Too quiet, iAm thought. And the brightly lit place smelled like bleach instead of basil.
“Thank you, chef. Do you want me to stew the tomatoes before I leave?”
“It’s late. Go home. Good service tonight.”
Antonio wiped his face off with a blue-and-white dish towel. “Thanks to you, chef.”
“Lock up for me?”
“Anything you want.”
With a nod, iAm left the kitchen and cut through the tiled delivery hall to the back exit. Outside, two of his waiters were loitering around their cars and smoking, their tuxedo jackets off, their red bow ties loose and hanging from their open collars.
“Chef,” one of them said, straightening.
The other immediately came to attention. “Chef.”
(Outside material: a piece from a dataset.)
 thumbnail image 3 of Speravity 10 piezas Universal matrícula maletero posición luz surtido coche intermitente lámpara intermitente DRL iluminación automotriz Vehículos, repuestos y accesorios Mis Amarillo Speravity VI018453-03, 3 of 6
Technically, he was more boss than chef here at Sal’s, but he did do a lot of the cooking and recipe R & D himself, and the staff respected him for it. Hadn’t always been that way. When he’d first stepped in to take over the Caldwell institution, he had not exactly been welcomed. Everyone from the waiters to the chefs to the busboys had assumed he was an African-American, and the deep pride and tradition of Italian ownership, cooking, and culture would have worked against anyone who didn’t have Sicilian blood in his veins.
As a Shadow, he understood the deal better than they knew. His people didn’t want anything to do with vampires or symphaths—and certainly never those rats-without-tails humans. And Sal’s was one of the most famous restaurants in Caldwell, not just a throwback to the Rat Pack era of the fifties, but a place that had actually served the Chairman of the Board and his slick boys. With its flocked wallpaper, hostess stand, and formal everything, it was Sardi’s north—and had always been owned and managed by Italians.
Over a year into his ownership, though, everything was all good. He had proved himself to everyone from the customers to the staff to the suppliers, not just stepping into Salvatore Guidette III’s shoes, but filling them. Now? He was treated with respect that bordered on worship.
Wonder what they’d think of him if they knew he wasn’t from Africa, he did not identify as American—and more to the point, he wasn’t even human.
A Shadow was in their midst.
“I’ll see you tomorrow,” he told the two men.
“Yes, chef.”
“’Night, chef.”
iAm nodded at them and strode around the far corner. As soon as he was out of sight, he closed his eyes, concentrated, and dematerialized.
When he re-formed, it was on the eighteenth floor of the Commodore, on the terrace of the condo he owned with his brother. The glass slider was wide-open, the long white drapes billowing in and out of the dark interior like ghosts trying and failing to escape. There had been two possible destinations for him: here or shAdoWs, and he’d picked their bachelor pad because of what was waiting inside.
There was news from the s’Hisbe, and all things considered? iAm would rather be the messenger to Trez than the male they’d sent.
Putting his hand into his coat, he found the butt of his gun and stepped inside. “Where are you.”
“Over here,” came the deep, quiet response.
iAm pivoted to the left, toward the white leather couch that was against the far wall. His keen eyes adjusted in a heartbeat, and the enormous black shape of the Queen’s executioner came into focus.
iAm frowned. “What’s wrong?”
The sound of ice cubes in a club glass twinkled across the silence. “Where’s your brother?”
“It’s opening night at the club. He’s busy.”
“He needs to answer his phone,” s’Ex said roughly.
“Has the Queen given birth?”
“Yes. She has.”
Long silence. With nothing but the sound of those ice cubes to break it up.
iAm inhaled and caught the scent of bourbon—as well as an acrid sadness that was so great, he released his hold on his gun.
“s’Ex?”
The executioner burst up from the sofa and strode over to the bar, his robes swirling after him like shadows thrown in a great wind.
“Care to join me?” the male asked as he poured more into his glass.
“Depends. What’s your news and how does it affect my twin?”
“You’re going to need a drink.”
Right. Great. Without further comment, iAm walked over and joined s’Ex at the bar. It didn’t matter what went into which glass, whether there were ice cubes, if there was a splash of tonic. He drank what turned out to be vodka down and poured some more.
“So it wasn’t the next Queen,” he said. “The young that was born.”
“No.” s’Ex went back over to the couch. “They killed it.”